**RECORDED INFORMATION**
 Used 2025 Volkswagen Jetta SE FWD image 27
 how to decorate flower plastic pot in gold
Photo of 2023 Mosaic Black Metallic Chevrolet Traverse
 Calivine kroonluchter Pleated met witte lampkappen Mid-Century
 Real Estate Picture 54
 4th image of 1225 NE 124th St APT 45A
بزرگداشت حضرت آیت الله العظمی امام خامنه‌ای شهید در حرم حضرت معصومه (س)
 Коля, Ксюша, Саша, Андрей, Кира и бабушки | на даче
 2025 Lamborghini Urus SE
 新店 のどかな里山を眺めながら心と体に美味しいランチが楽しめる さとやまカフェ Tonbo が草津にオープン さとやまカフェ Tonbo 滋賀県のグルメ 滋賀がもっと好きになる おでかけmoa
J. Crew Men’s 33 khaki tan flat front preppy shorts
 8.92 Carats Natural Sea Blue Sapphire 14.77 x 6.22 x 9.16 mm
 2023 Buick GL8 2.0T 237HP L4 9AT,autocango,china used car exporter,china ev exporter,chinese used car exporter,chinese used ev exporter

**HOW TO COMPLETE THIS TASK**
Look through the data above and return exactly the lines from the one that contains "Photo of 2023" to the one that contains "8.92 Carats Natural", inclusive, with nothing else.

**SOLUTION FOR THIS TASK**
Photo of 2023 Mosaic Black Metallic Chevrolet Traverse
 Calivine kroonluchter Pleated met witte lampkappen Mid-Century
 Real Estate Picture 54
 4th image of 1225 NE 124th St APT 45A
بزرگداشت حضرت آیت الله العظمی امام خامنه‌ای شهید در حرم حضرت معصومه (س)
 Коля, Ксюша, Саша, Андрей, Кира и бабушки | на даче
 2025 Lamborghini Urus SE
 新店 のどかな里山を眺めながら心と体に美味しいランチが楽しめる さとやまカフェ Tonbo が草津にオープン さとやまカフェ Tonbo 滋賀県のグルメ 滋賀がもっと好きになる おでかけmoa
J. Crew Men’s 33 khaki tan flat front preppy shorts
 8.92 Carats Natural Sea Blue Sapphire 14.77 x 6.22 x 9.16 mm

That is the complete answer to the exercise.